DiCaprio plays Jordan Belfort.

DiCaprio plays Jordan Belfort.

THE WOLF OF WALL STREET Drama. Starring Leonardo DiCaprio, Jonah Hill, Margot Robbie, Matthew McConaughey, Rob Reiner, Jon Favreau, Kyle Chandler, Jean Dujardin, Joanna Lumley. Director: Martin Scorsese. Cert: 18

Martin Scorsese's 23rd feature film comes tearing out of the blocks with a vengeance. Within the first 10 minutes he's set up the story of disgraced Wall Street stockbroker Jordan Belfort with a pizzaz and panache which harks back to his crowning achievement, 1990's Goodfellas. The visual and stylistic flourishes are all here: the voiceover from Leonardo DiCaprio preparing us for a rise and fall tale, hints of excess to come and freeze-frames of debauched scenes will all be welcomed with hand-rubbing delight by Scorsese fans. So why does The Wolf of Wall Street feel like such a bitter disappointment?

At the press screening I attended you could feel the crackle of anticipation before the titles rolled and sense a genuine air of delight during the opening hour or so, yet three hours after the lights dimmed everybody left the cinema in silence, and we're talking about some serious Scorsese nuts here. Part of the problem with the film lies with its length. There's simply no way even a filmmaker of Scorsese's skill could justify this potentially rich but irritatingly repetitive script (by Terence Winter from Belfort's own bragfest of an autobiography) being stretched to 180 minutes.

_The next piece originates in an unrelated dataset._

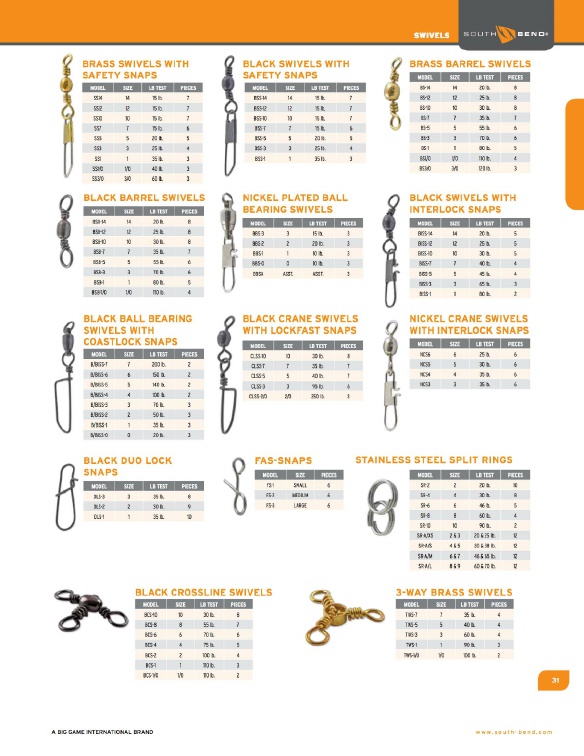2017 Southbend Catalog %, Page 33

Picture yourself in a fancy bar at the height of the Celtic Tiger with a bunch of coked-up financial wideboys braying at an adjoining table for the guts of three hours and you'll have some idea of the exhaustion and numbness The Wolf of Wall Street induces by the time the credits come as a merciful relief.

 

Much of the problem with the film lies in the source material itself. Whereas in the past Scorsese has given us characters who weren't model citizens by any stretch of the imagination they at least had some redeeming traits about them, even if it was some misguided sense of loyalty to a gang or a perverted form of honour among thieves. Jordan Belfort (Leonardo DiCaprio) has none of these saving graces. A money-mad sociopath, he makes his mark in the financial world by duping working-class people into buying cheap stocks that he knows to be worthless and skimming off a huge commission. In his own words he sells "garbage stocks to garbagemen" yet the movie cops out by presenting this scam as some sort of genius wheeze, never stopping for a second to question the morality of what this fraudster has been doing or showing us the consequences of his actions.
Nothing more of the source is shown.